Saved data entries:
-------
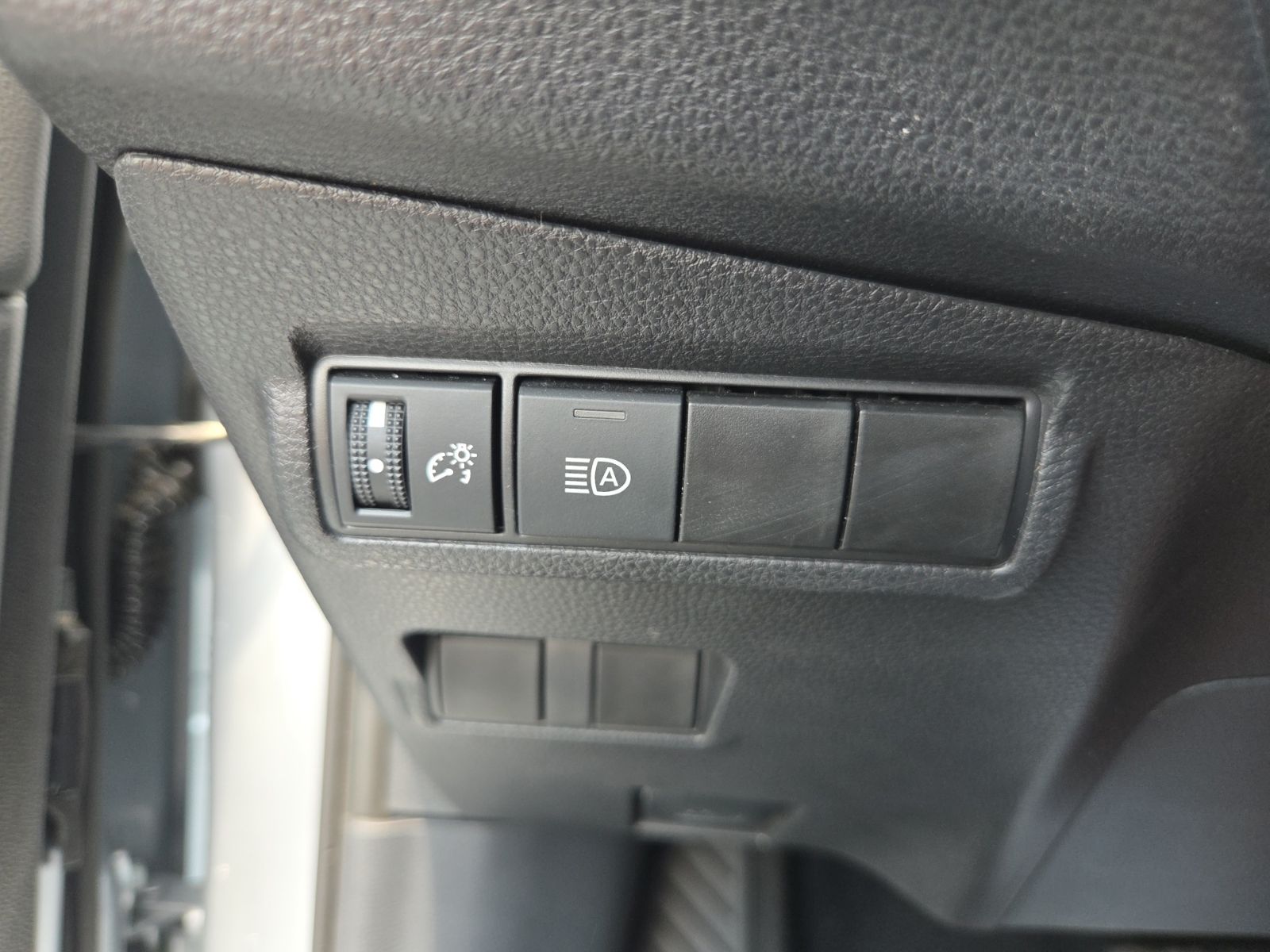 2025 Toyota Corolla Cross XLE - Photo 22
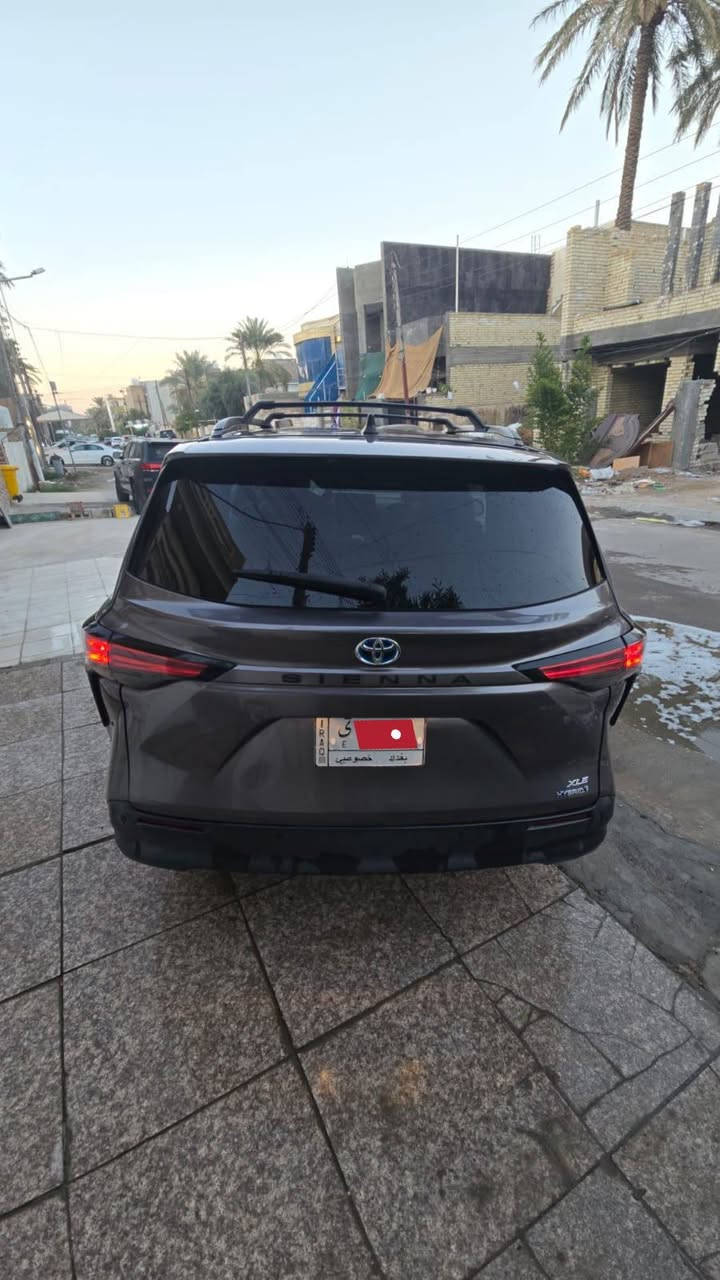 السلام عليكم
تيوتا سيينا 
هايبرد 2.5l
موديل 2022
فئة Xle
بصمة
فتحة
كراسي جلد
تدفئة مقاعد
رادارات 360 ( نقاط عمياء و رادار امامي و خلفي)
حساسات امامي خلفي
كشافات ضباب
شحن لاسلكي
و باقي المواصفات معروفة
السيارة وارد امريكي كلين
ايرباكات كلها سليمة
رقم السيارة بغداد بأسمي
السعر 325
***********
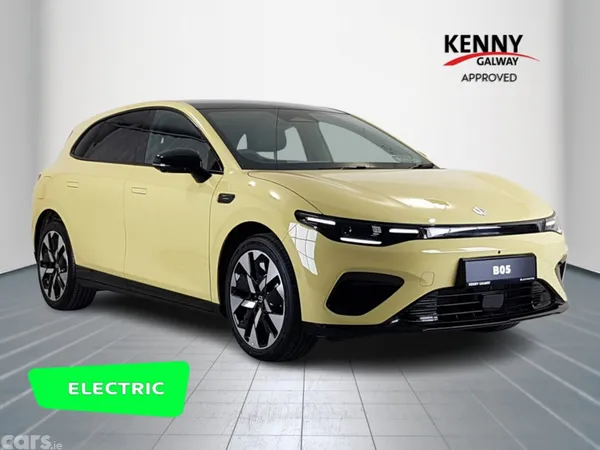 Leapmotor B05 Hatchback, Electric, 2026, Yellow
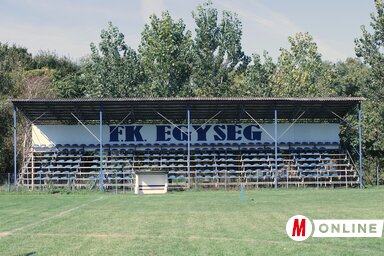 Az Egység felújított lelátója (Lakatos János felvétele)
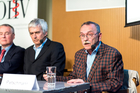 Auf Einladung des Österreichischen Hausärzteverbandes diskutierten Dr. Johannes Pietschmann, Dr. Christian Euler, Dr.in Eva Launig sowie Dr. Wolfgang Werner unter der Moderation von Dr. Wolfgang Geppert über Primärversorgungszentren als 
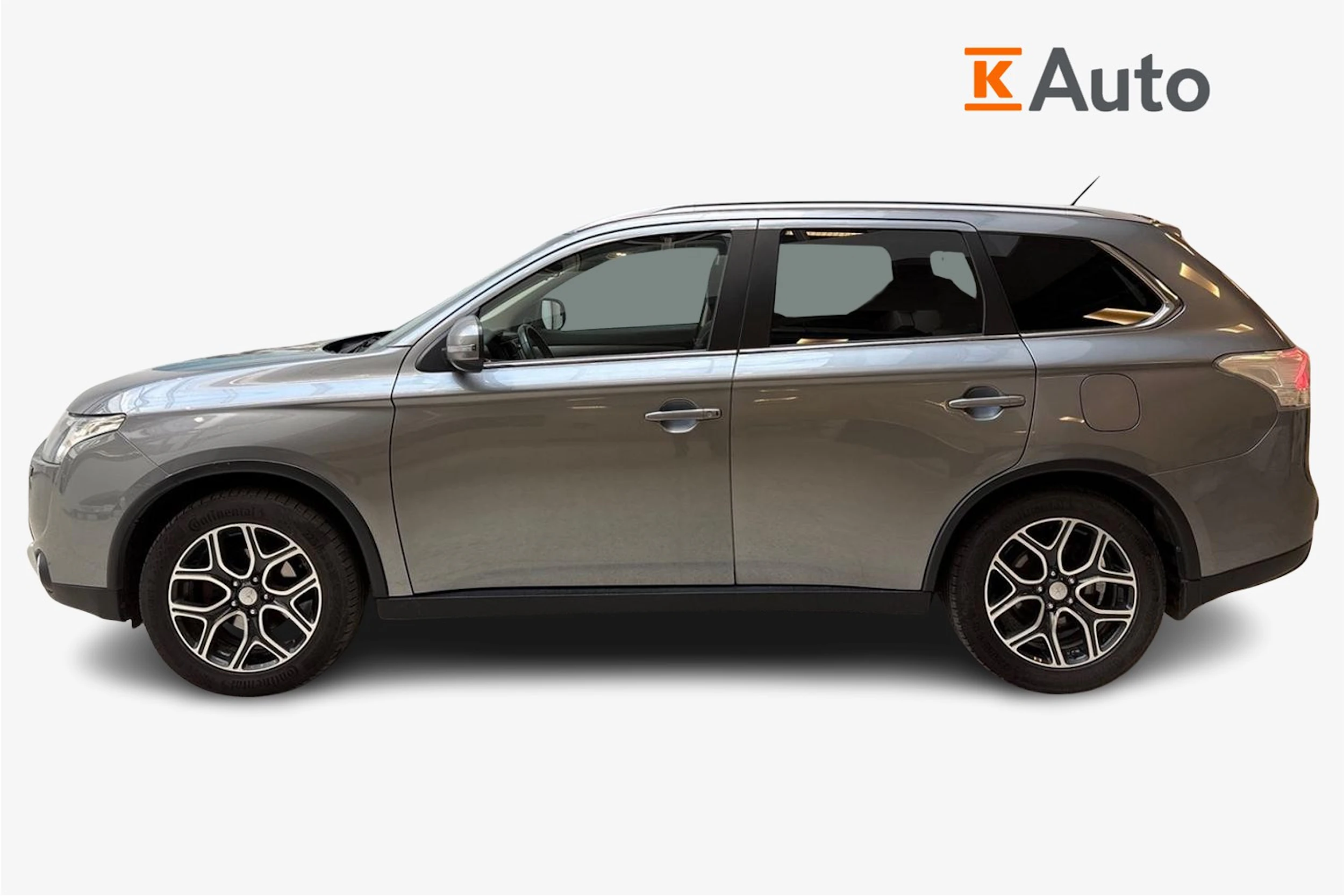 Harmaa Mitsubishi Outlander 2014 kuva 5.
-------
## Problem requirements:
Where a line of the records contains the word "خلفي", count it; state only the final tally.

## Answer to this exercise:
2